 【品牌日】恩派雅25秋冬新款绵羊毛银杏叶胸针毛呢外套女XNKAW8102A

---+---

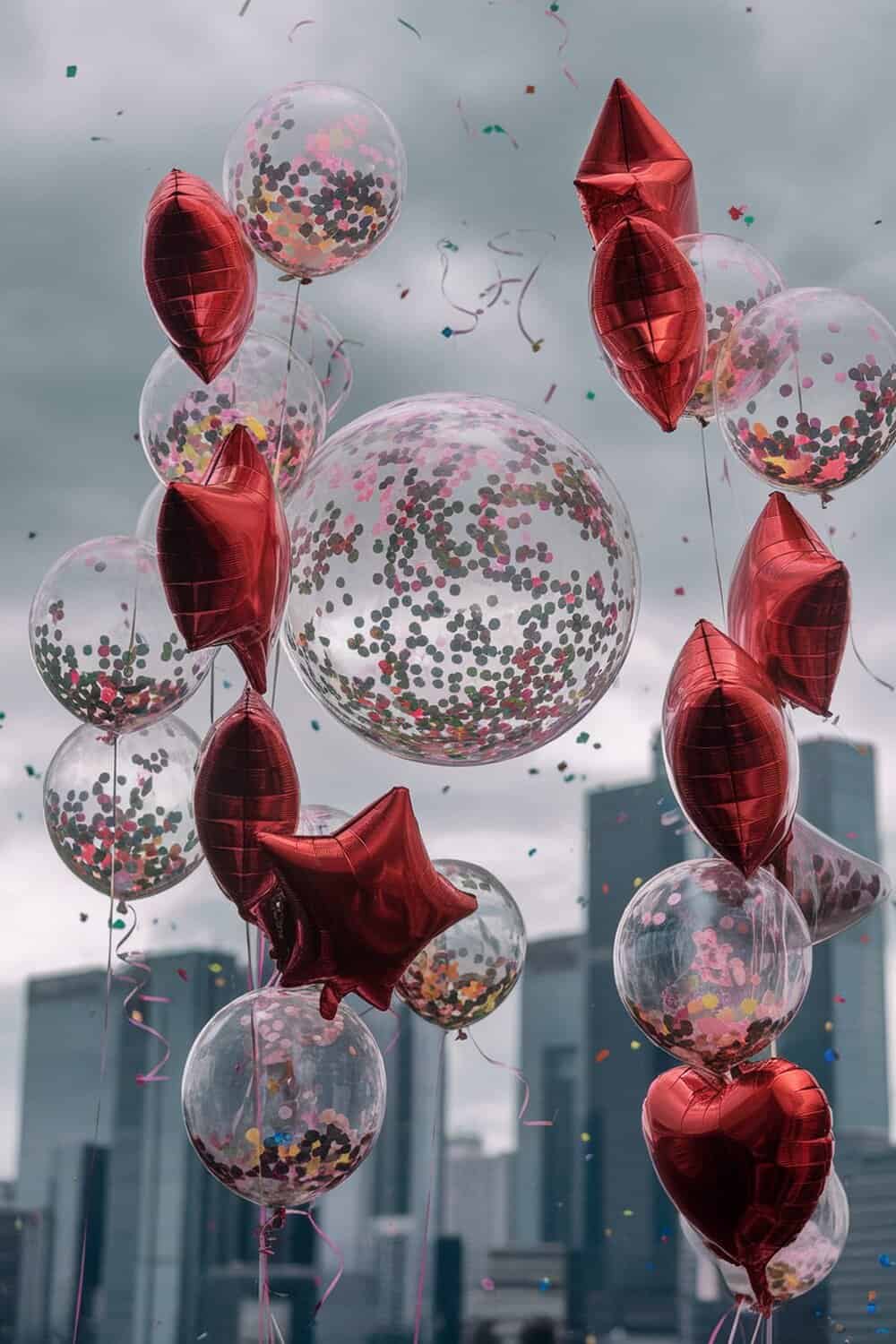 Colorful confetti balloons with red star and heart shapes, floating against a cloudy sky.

---+---

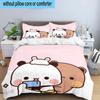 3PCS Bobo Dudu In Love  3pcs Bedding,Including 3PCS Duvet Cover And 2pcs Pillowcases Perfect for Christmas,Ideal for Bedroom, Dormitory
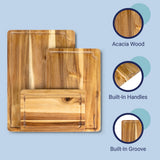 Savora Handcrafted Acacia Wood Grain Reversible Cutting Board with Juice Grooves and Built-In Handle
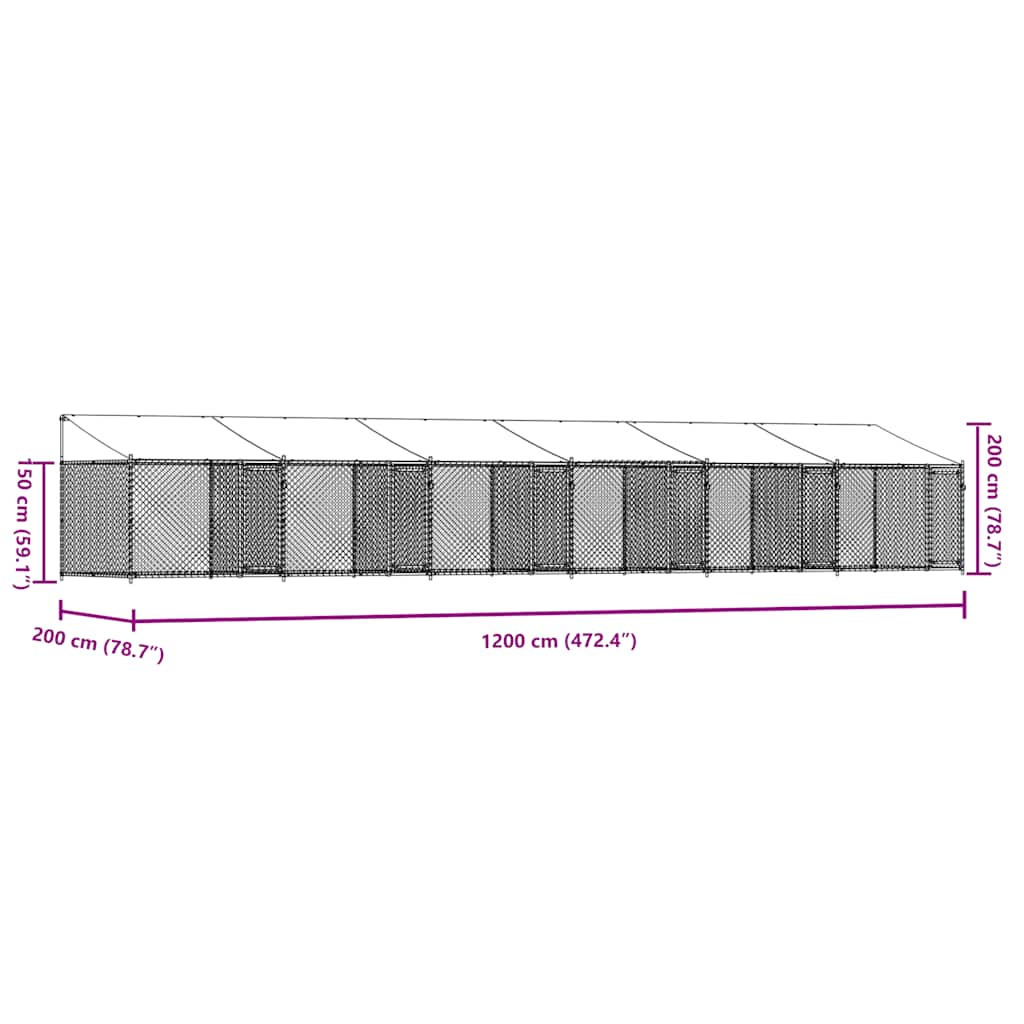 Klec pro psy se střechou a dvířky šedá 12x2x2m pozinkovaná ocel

---+---

Work instructions: Set the pictures aside and transcribe exactly the stretch of lines above, beginning with the one holding "3PCS Bobo Dudu" and ending with the one holding "Klec pro psy".

Result of the task:
 3PCS Bobo Dudu In Love  3pcs Bedding,Including 3PCS Duvet Cover And 2pcs Pillowcases Perfect for Christmas,Ideal for Bedroom, Dormitory
 Savora Handcrafted Acacia Wood Grain Reversible Cutting Board with Juice Grooves and Built-In Handle
 Klec pro psy se střechou a dvířky šedá 12x2x2m pozinkovaná ocel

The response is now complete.